3) When listening to your child's complaints about the other parent, don't commiserate with them. It's very tempting to say things like, "That's why I left him/her, I hated their temper too." Remember that child doesn't have the option of severing their relationship with their parent. It's important that your child be encouraged to build strong relationships with you both. If that parent truly seems unreasonable, we encourage you to seek a family counselor for your child so that a neutral party can help both the child and other parent learn to live together.
4) Assure your child that while you love and miss them when separated that you are glad they get to spend time with both parents. Often counselors see children who worry about the parent they are leaving behind when spending time with the other parent. You want to model for them that you are an independent, self sufficient person and that you are there to take care of them and they have no need to worry about you during the time you are separated.

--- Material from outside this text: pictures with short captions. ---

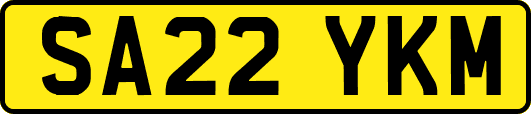SA22YKM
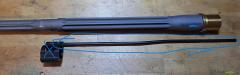 AR15 / M16 Lauf RAINIER ARMS ULTRAMATCH .223
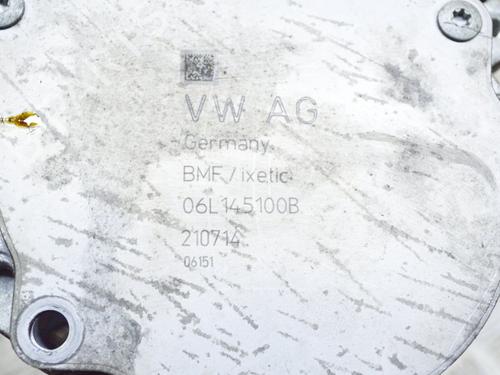Vacuum pump AUDI A3 Limousine (8VS, 8VM) S3 quattro | BP8836284M80 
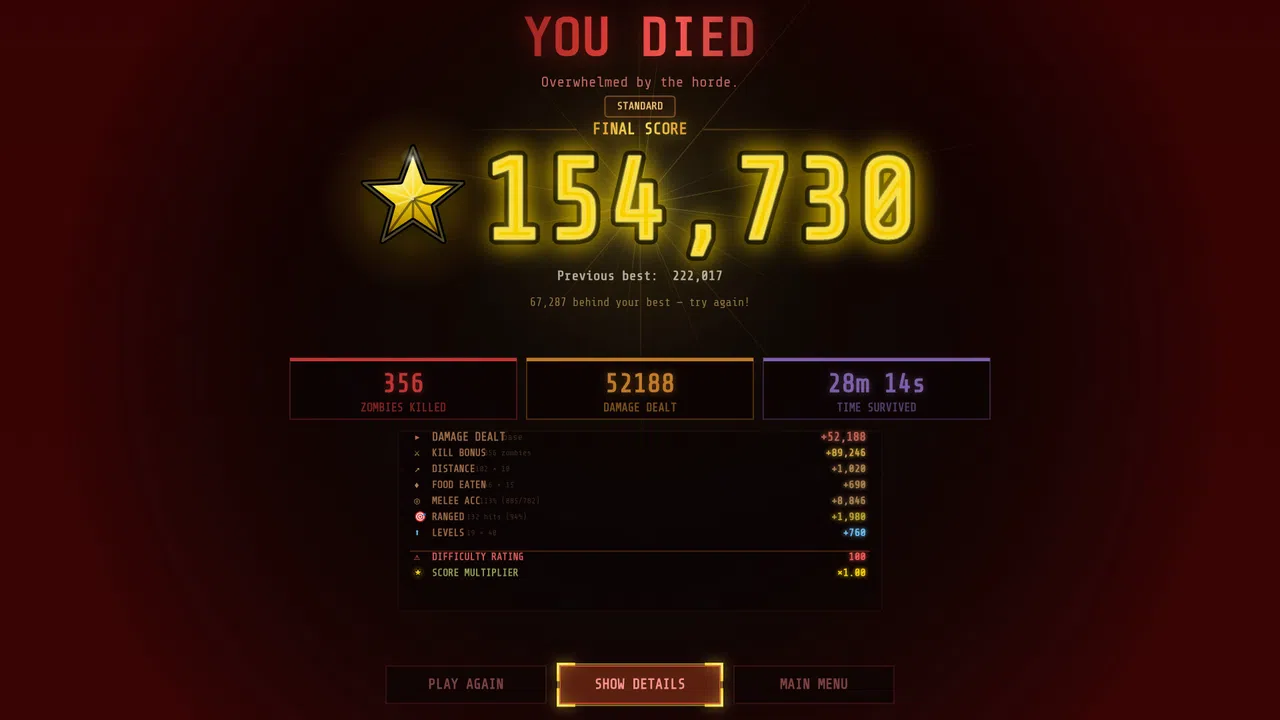 Zomdied Screenshot 11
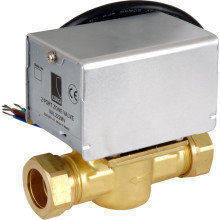 CORGI 22MM 2PORT MOTORISED ZONE VALVE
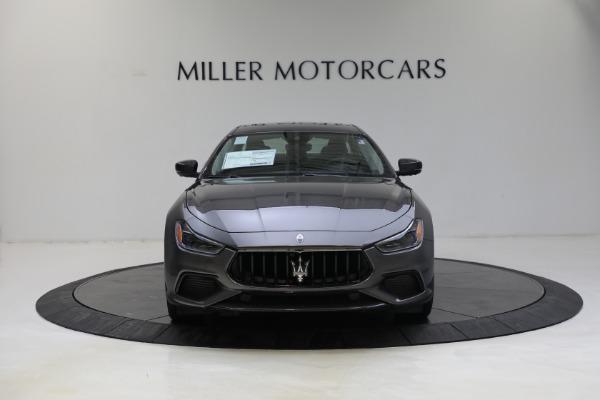 New 2022 Maserati Ghibli Modena Q4 for sale Sold at Bentley Greenwich in Greenwich CT 06830 2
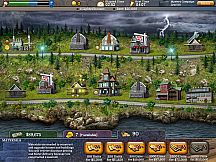 Build-a-lot Mysteries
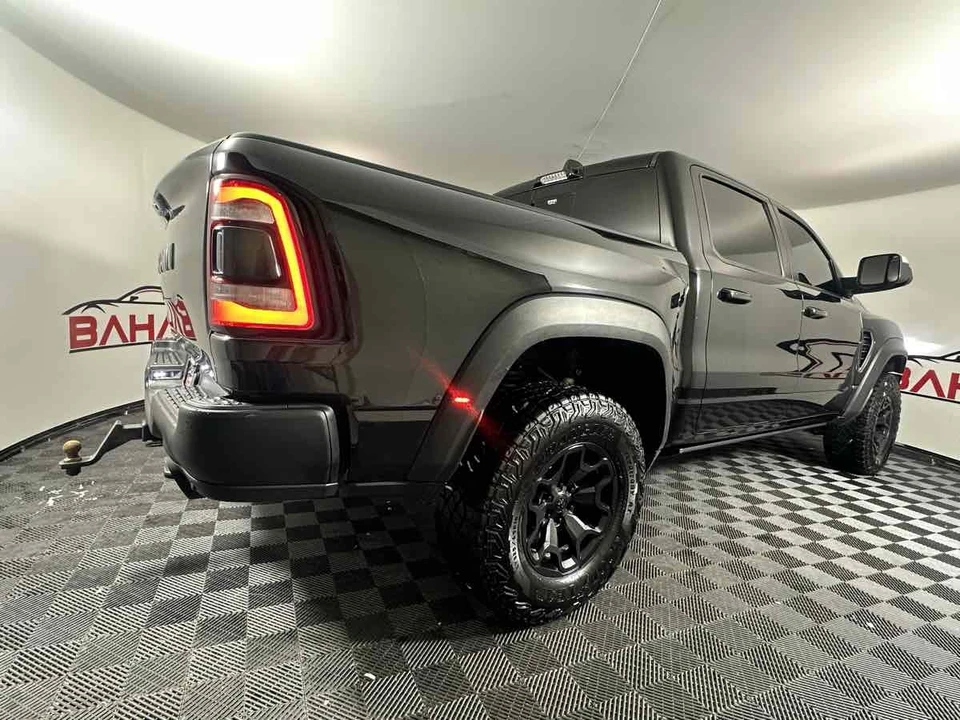 2021 Ram 1500 TRX 1st Gen - Image 9 of 21
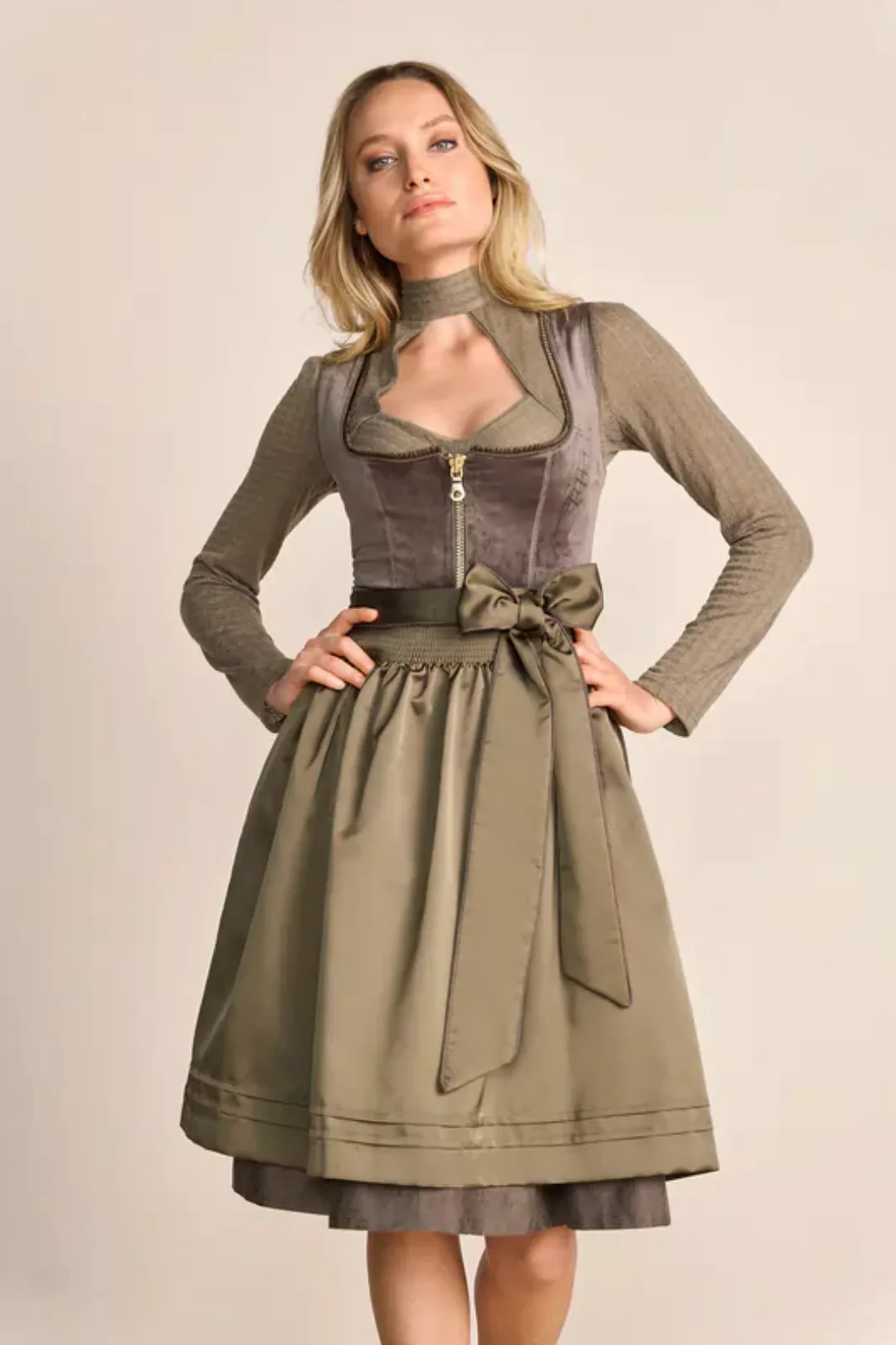 Dirndl Ester (60cm) günstig online kaufen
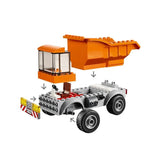 Lego City Çöp Kamyonu 60220 | Toysall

5) Make wise choices as you move into your new marital status. The same types of choices you'd wish for your children. Some times kids don't become alienated due to anything the other parent does or say. In our offices we meet kids in distress because of a parent's problems with anger, addiction, or poor relationship decisions. Introducing your child to a new love interest too soon, creating an home environment with lots of structure and little interactions, and behaving impulsively in front of your children can severely damage an already fragile relationship. PS Don't forget older children have access to your social media and be wise what you post, tweet, etc.
6) Give your children time to heal and adjust. Change is hard for everyone and kids often feel like they have little or no control over their own lives when it comes to issues involving divorce, cohabitation, and remarriage. Allow them a place to work through their feelings while still holding them accountable to respectful behavior.
In a perfect world, children would always be encouraged and desire to love both parents. In our offices, we encounter kids for a variety of reasons that have developed a difficult and often conflicted relationship with one or both parents. We are committed to working with all the parties involved toward a reunification process with pacing and limits in the best interest of the child giving them permission to resolve conflicted feelings and reestablish healthy relationships with both parents and their extended families.
For faith based parents: Christ called us to forgive 70 x 7 and pray for our enemies. Hopefully, an enemy is not how you view your coparent. Even if you have strong feelings of dislike, I challenge you to embrace a heart attitude of grace and approach of the kind of positive behaviors you would want your children to emulate. When this call is the hardest is when your coparent doesn't treat you as you would like to be treated. Divorce is a difficult but great time to model the golden rule in a way you've never been given before.